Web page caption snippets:
[Start of Attachment]

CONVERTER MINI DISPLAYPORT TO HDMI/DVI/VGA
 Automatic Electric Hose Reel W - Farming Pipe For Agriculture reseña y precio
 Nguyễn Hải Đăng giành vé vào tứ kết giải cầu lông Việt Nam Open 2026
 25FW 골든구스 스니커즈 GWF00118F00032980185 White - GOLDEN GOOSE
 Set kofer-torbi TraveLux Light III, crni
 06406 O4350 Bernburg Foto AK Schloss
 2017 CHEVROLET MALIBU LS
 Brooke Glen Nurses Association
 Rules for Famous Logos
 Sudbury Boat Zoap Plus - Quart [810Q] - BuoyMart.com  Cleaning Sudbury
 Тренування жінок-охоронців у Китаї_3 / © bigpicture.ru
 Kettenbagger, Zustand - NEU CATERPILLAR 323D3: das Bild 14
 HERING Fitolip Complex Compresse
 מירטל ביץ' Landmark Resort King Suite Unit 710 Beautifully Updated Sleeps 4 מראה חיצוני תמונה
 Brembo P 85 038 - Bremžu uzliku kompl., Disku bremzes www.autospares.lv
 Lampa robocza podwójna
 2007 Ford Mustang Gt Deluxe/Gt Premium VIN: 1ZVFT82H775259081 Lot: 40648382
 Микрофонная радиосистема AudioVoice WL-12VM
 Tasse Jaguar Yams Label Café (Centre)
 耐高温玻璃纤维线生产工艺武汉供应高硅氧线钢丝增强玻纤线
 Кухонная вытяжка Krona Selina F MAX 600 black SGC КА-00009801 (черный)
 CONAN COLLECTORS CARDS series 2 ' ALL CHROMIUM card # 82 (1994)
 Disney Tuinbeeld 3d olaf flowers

[End of Attachment]

▶ What you will do
Please set down exactly the lines running from the one with "Микрофонная радиосистема AudioVoice WL-12VM" to the last line of the entries above, both of them included, and no others.

▶ Result below
 Микрофонная радиосистема AudioVoice WL-12VM
 Tasse Jaguar Yams Label Café (Centre)
 耐高温玻璃纤维线生产工艺武汉供应高硅氧线钢丝增强玻纤线
 Кухонная вытяжка Krona Selina F MAX 600 black SGC КА-00009801 (черный)
 CONAN COLLECTORS CARDS series 2 ' ALL CHROMIUM card # 82 (1994)
 Disney Tuinbeeld 3d olaf flowers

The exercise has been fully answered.